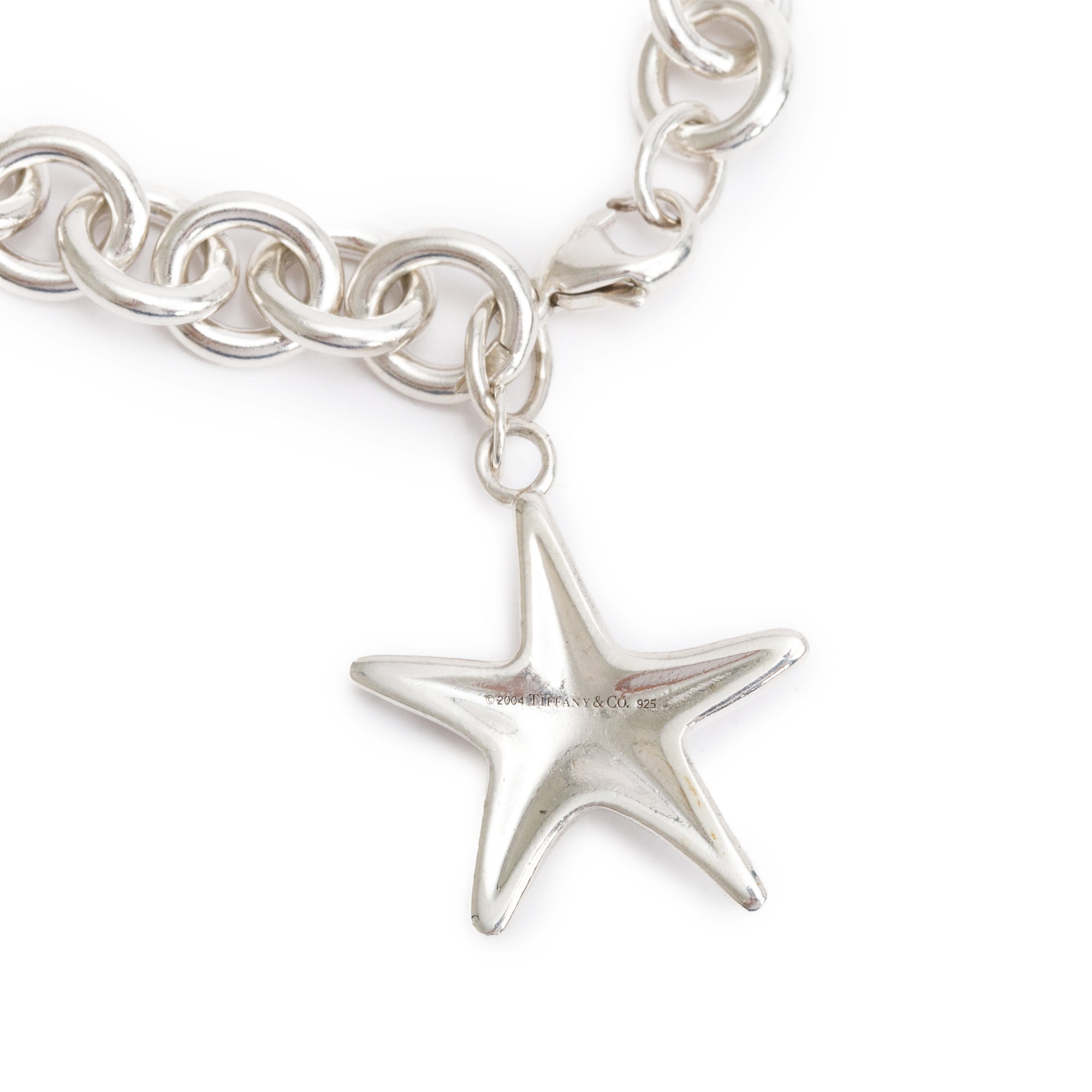 Tiffany & Co. Sterling Silver Turquoise Starfish Charm Bracelet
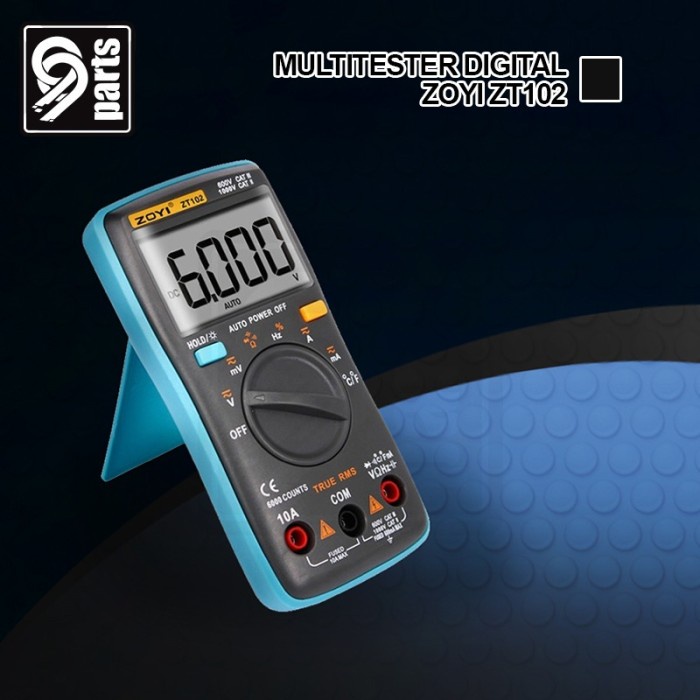 Listrik Multitester Digital Zotek Zt-102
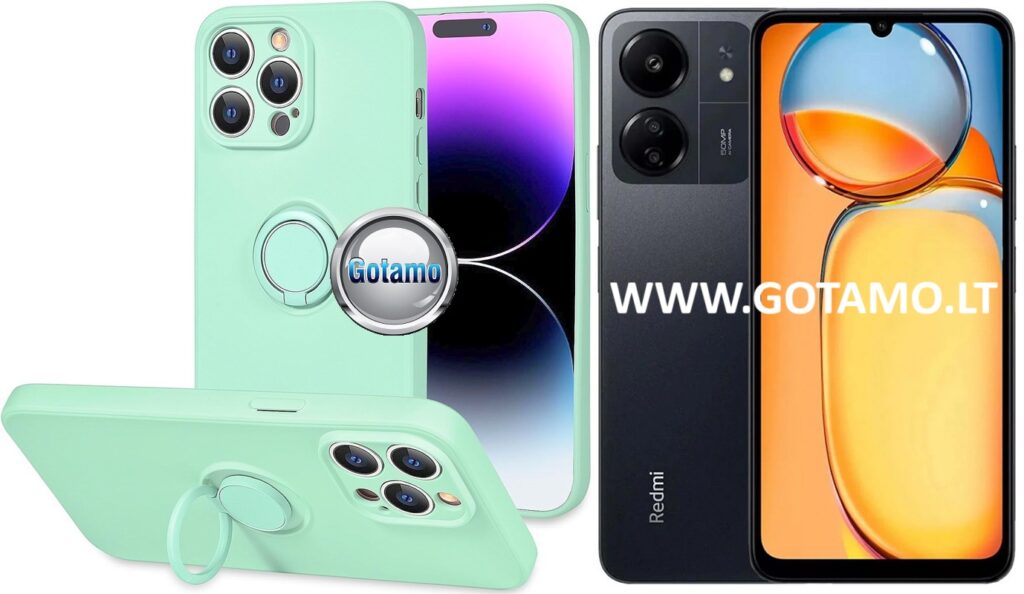 B-Hold Plus dėklas nugarėlė Xiaomi Redmi 13C, Xiaomi Poco C65 telefonams mėtinės spalvos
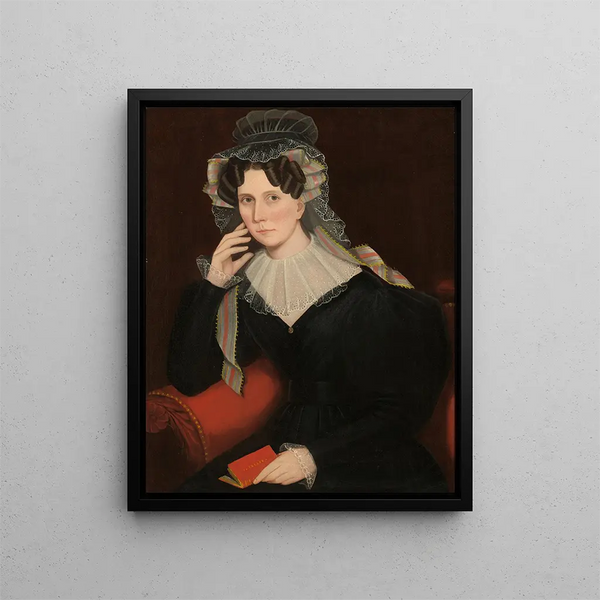 Jane Storm Teller - Ammi Phillips — framed artwork on a wall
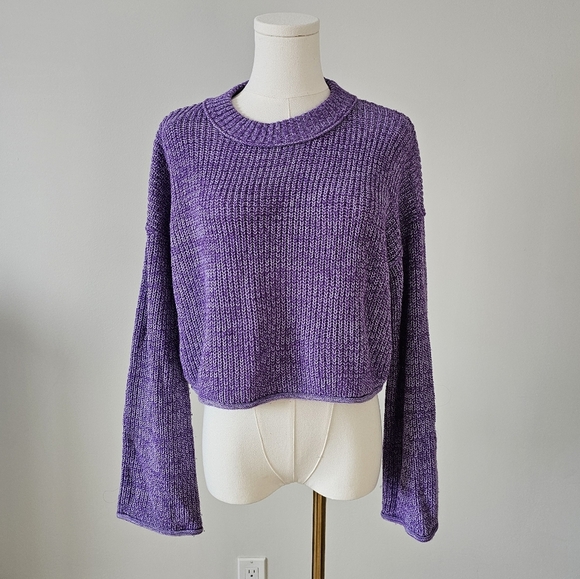wild fable Sweaters - Wild fable M cropped knit Purple Women's Sweater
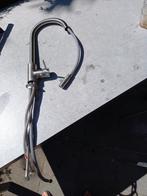 Rvs mixkraan met flexibele uitschuifbare kraankop, Ophalen, Minder dan 50 cm, Gebruikt, Minder dan 25 cm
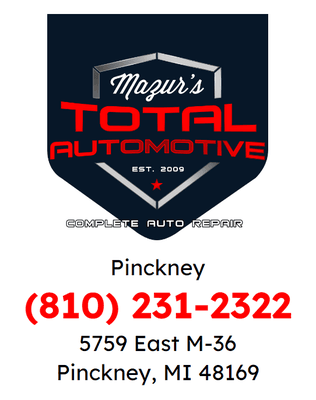 3 Convenient Locations:
 5759 East M-36, Pinckney, MI 48169
 (810) 231-2322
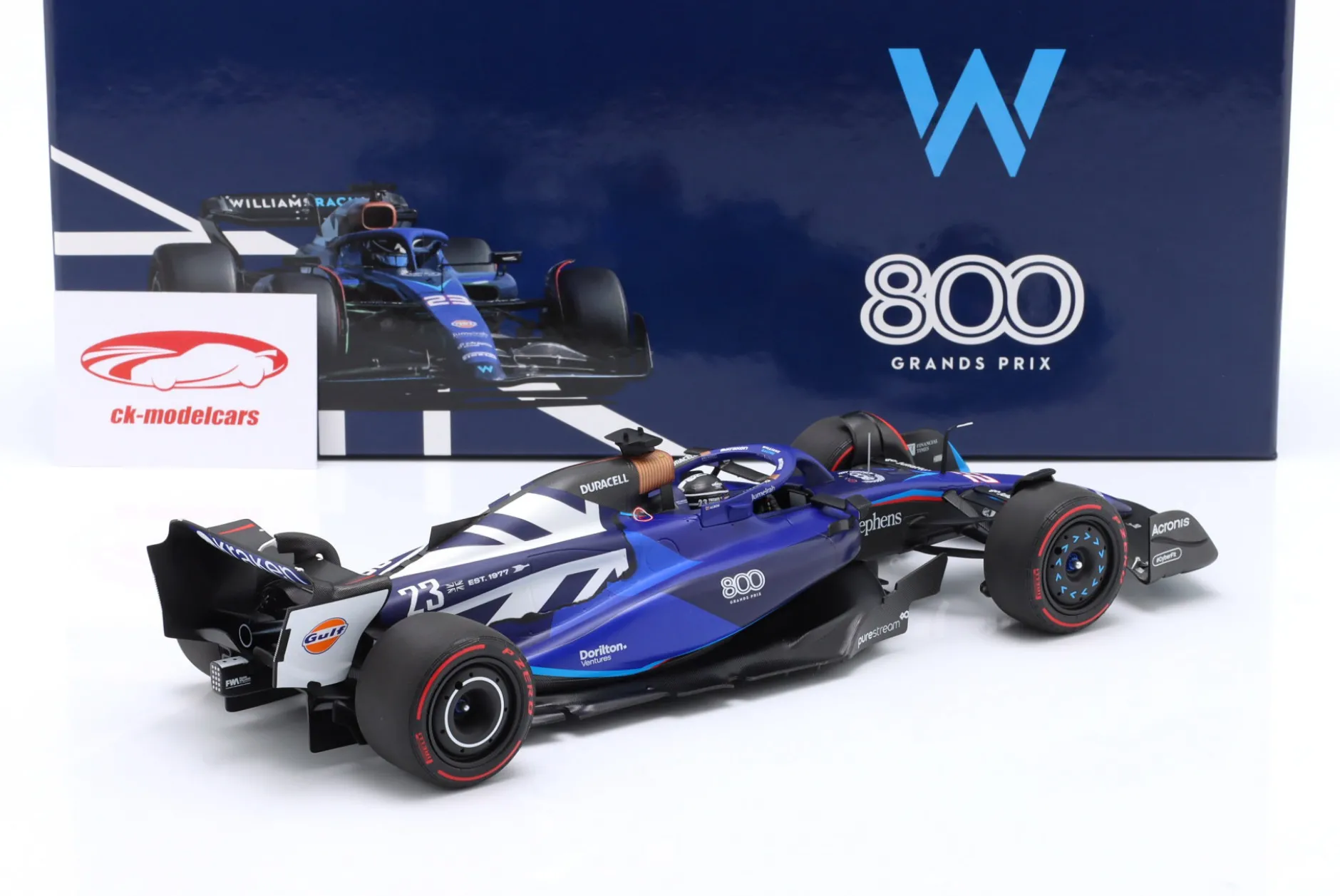 Alex Albon Williams FW45 #23 British GP Formel 1 2023 1:18 Minichamps
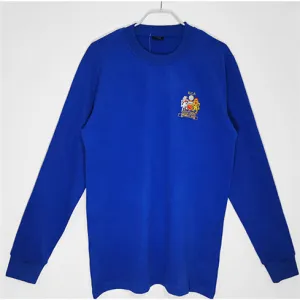 Manchester United 1968 Away - Blue Retro Long - Sleeve Jersey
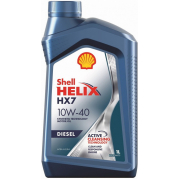 Купить запчасть SHELL - 550046357 Масло моторное полусинтетическое Helix Diesel HX7 10W-40 1л 550046357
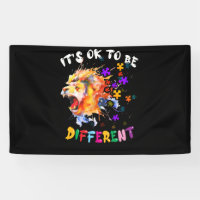 Autism Awareness It's OK to be different Colourful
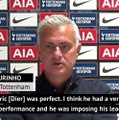 Mourinho not sure if Dier, Sanchez will be first choice centre-back pairing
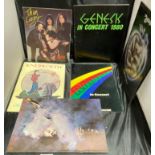 Contents to tray - approx 30 rock concert programmes mainly 1970s but featuring Ten Years After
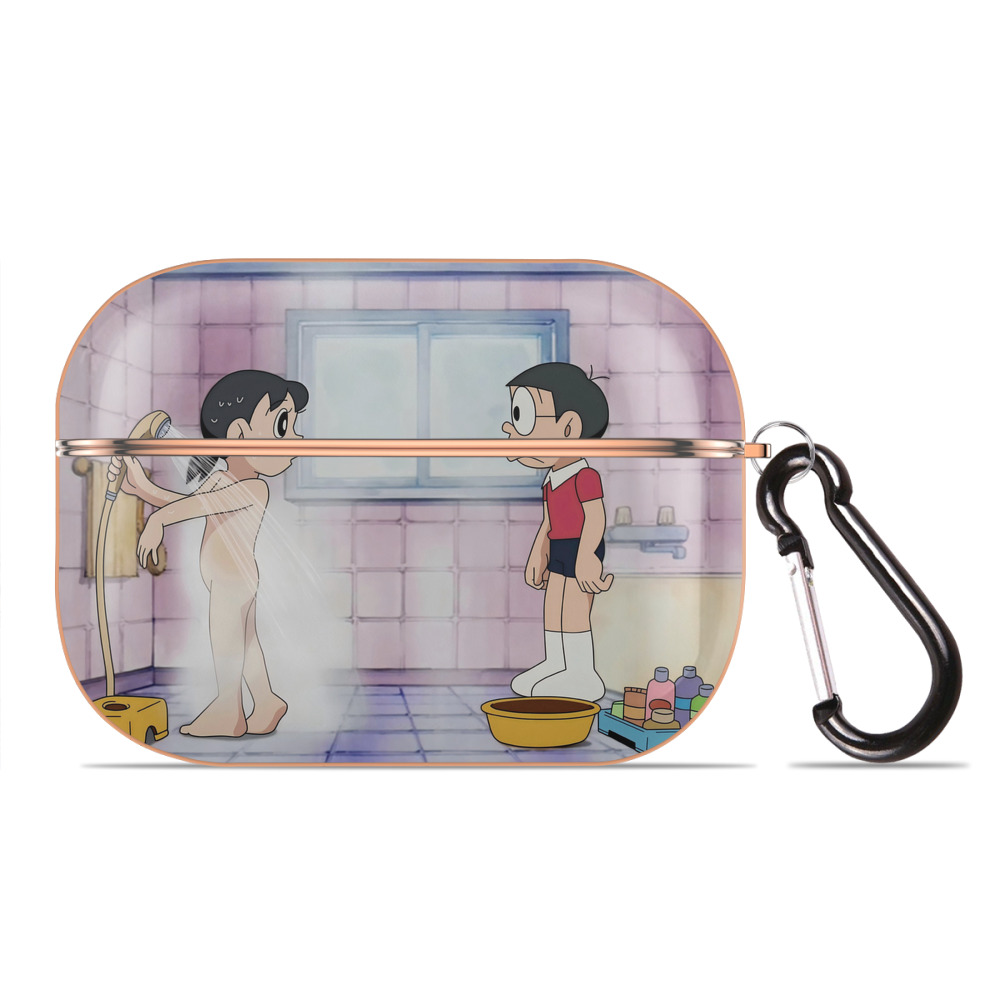 （画像用） ドラえもん Doraemon 【AirPods Pro用】ハードシェル保護ケース｜耐衝撃・防指紋・カラビナ付き商品仕様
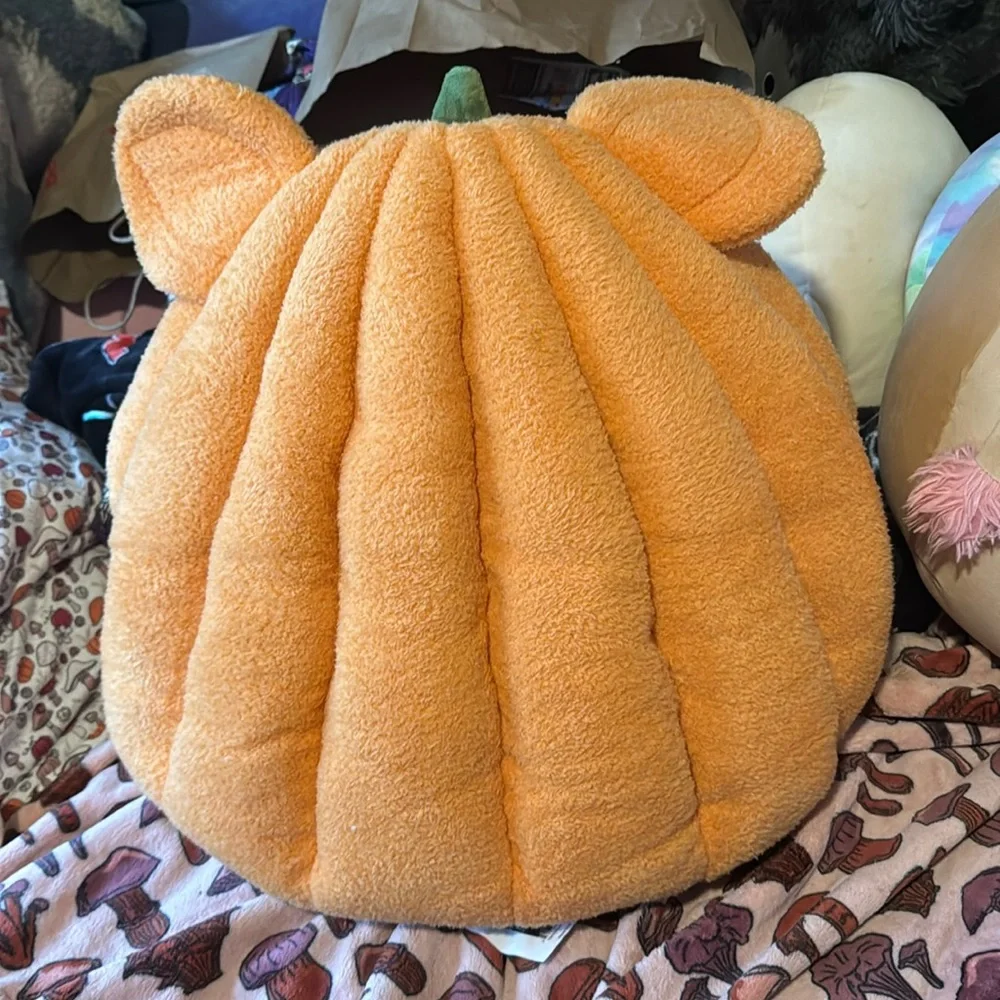 Disneys Mickey Mouse pumpkin rare HTF Halloween limited edition dog bed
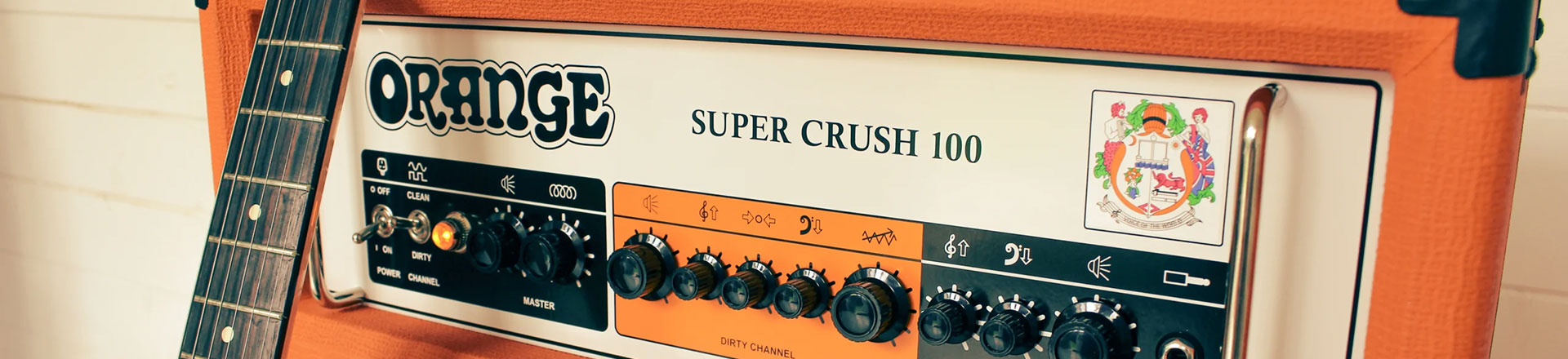 Orange Super Crush 100 - Tranzystorowe, pomarańczowe dobro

========

* [Exercise]:
A verbatim reproduction of each entry is expected, with every picture omitted.

* [Answer for this exercise]:
 Tiffany & Co. Sterling Silver Turquoise Starfish Charm Bracelet
 Listrik Multitester Digital Zotek Zt-102
 B-Hold Plus dėklas nugarėlė Xiaomi Redmi 13C, Xiaomi Poco C65 telefonams mėtinės spalvos
 Jane Storm Teller - Ammi Phillips — framed artwork on a wall
wild fable Sweaters - Wild fable M cropped knit Purple Women's Sweater
 Rvs mixkraan met flexibele uitschuifbare kraankop, Ophalen, Minder dan 50 cm, Gebruikt, Minder dan 25 cm
 3 Convenient Locations:
 5759 East M-36, Pinckney, MI 48169
 (810) 231-2322
 Alex Albon Williams FW45 #23 British GP Formel 1 2023 1:18 Minichamps
 Manchester United 1968 Away - Blue Retro Long - Sleeve Jersey
 Купить запчасть SHELL - 550046357 Масло моторное полусинтетическое Helix Diesel HX7 10W-40 1л 550046357
 Autism Awareness It's OK to be different Colourful
 Mourinho not sure if Dier, Sanchez will be first choice centre-back pairing
 Contents to tray - approx 30 rock concert programmes mainly 1970s but featuring Ten Years After
 （画像用） ドラえもん Doraemon 【AirPods Pro用】ハードシェル保護ケース｜耐衝撃・防指紋・カラビナ付き商品仕様
 Disneys Mickey Mouse pumpkin rare HTF Halloween limited edition dog bed
 Orange Super Crush 100 - Tranzystorowe, pomarańczowe dobro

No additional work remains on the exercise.